Massimiliano Padovan Di Benedetto

La mia libertà

Sono passati tre mesi dall’ultima volta che ho pestato i tasti del mio macbook per importunarvi con le mie stupidagini lasciandovi la libertà di pensare ad altro ma il tempo dell’inabilità è finito e bisogna muoversi.

Oggi non vi tedio con la direzione che non trovo ma apro una finestra proprio sulla parola libertà.Questa mattina sulle principali testate giornalistiche è apparsa la notizia della condanna di tre dirigenti di Google per un video messo in rete nel 2006 in cui alcuni adolescenti insultavano e umiliavano un ragazzo disabile, il video era stato girato e pubblicato dagli stessi aggressori.

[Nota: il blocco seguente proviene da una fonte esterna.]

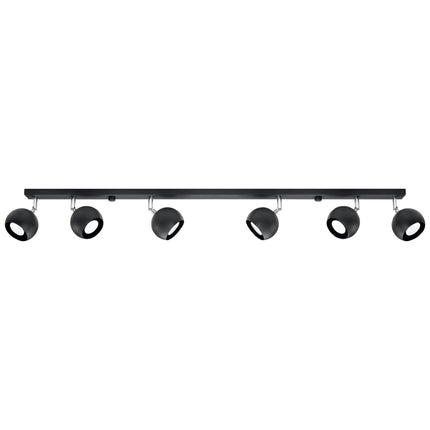 Plafonnier oculaire 6 spots orientables noir en acier, vue de face sur fond neutre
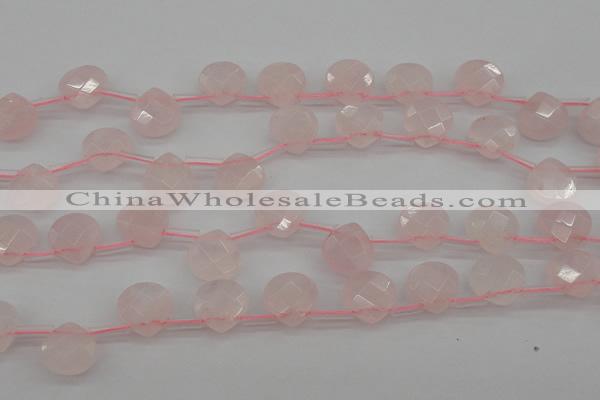 CRQ379 15.5 inches 10*10mm faceted briolette rose quartz beads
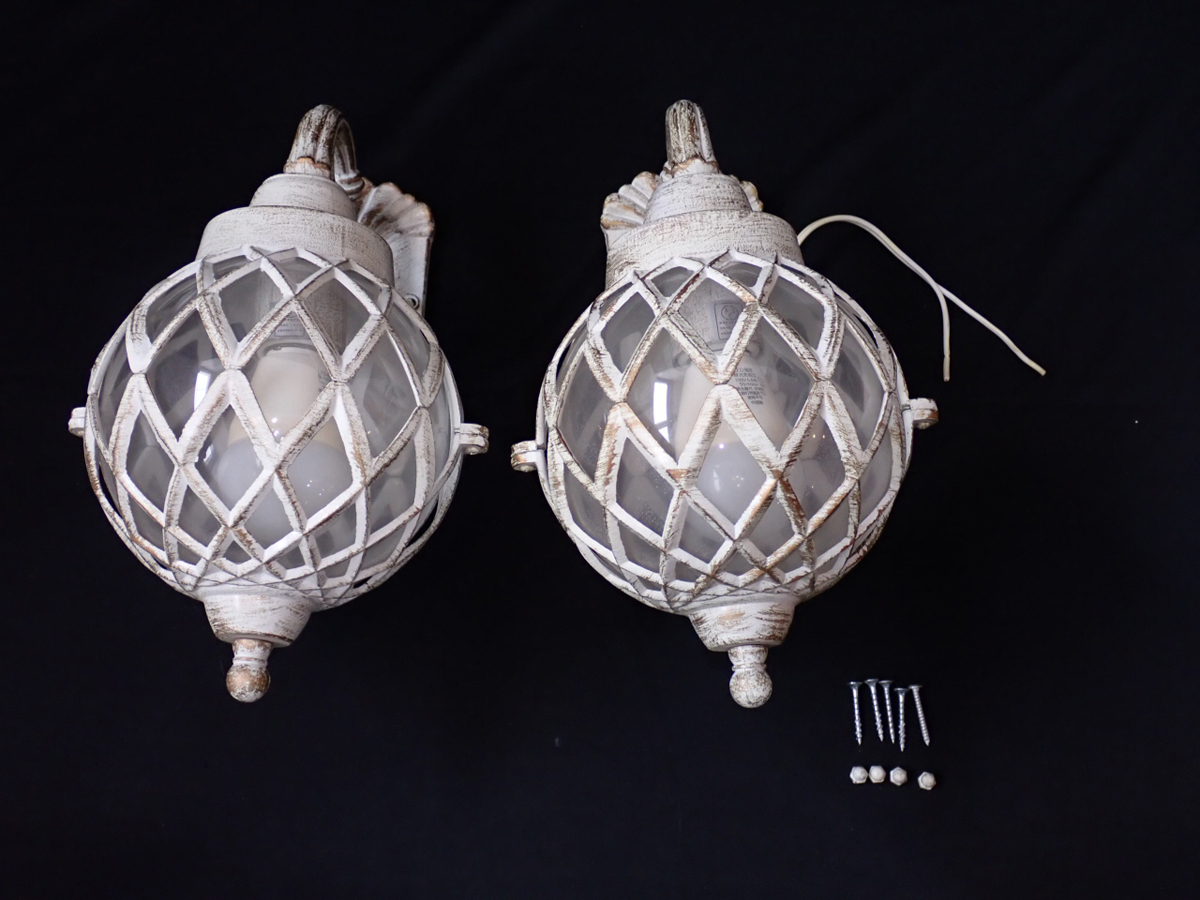 【Y9683】 アンティーク調 洋風 照明器具 ウォールランプ 2点 セット/インテリア ブラケットライト 浮き球デザイン 秋月貿易_画像1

Sulla bestialità di tale gesto è inutile che mi esprimo ma l’episodio della condanna lo definirei inquietante. Mi associo pienamente al giudizio espresso da Reporters Sans Frontières [vedi Reuters] sul pericolo che una sentenza del genere inneschi un processo di censura maggiore di quello che avviene in paesi come la Cina o l’Iran. Google è stata condannata perché, pur non avendo girato il video, pur non avendo partecipato all’ideazione dello stesso, pur non avendolo visto e pur avendolo rimosso immediatamente quando le è stato segnalato non ha esercitato un filtro preventivo per evitarne la pubblicazione.

Al di là della difficoltà pratica di fare un operazione del genere su scala mondiale (l’anno scorso mi sembra che ogni minuto venivano caricati su youtube 13 ore di video, il che significa che per visionarli preventivamente in ogni minuto delle 24 ore servirebbe una squadra di almeno 800 censori contemporaneamente all’opera dove ognuno di essi fosse a conoscenza di tutte le direttive dei governi di questo pianeta in materia di contenuti offensivi e che, naturalmente, capisca tutte le lingue del mondo!) sarebbe impossibile offrire un servizio gratuito per gli utenti perché la pubblicità non basta a pagare i costi della censura.

Ma vi rendete conto di cosa stiamo parlando? Censura! Ed è sorprendente che questa di Milano sia la prima sentenza del genere mai avvenuta al mondo, se questo è il modo di esternare l’eccellenza italiana mi si accappona la pelle.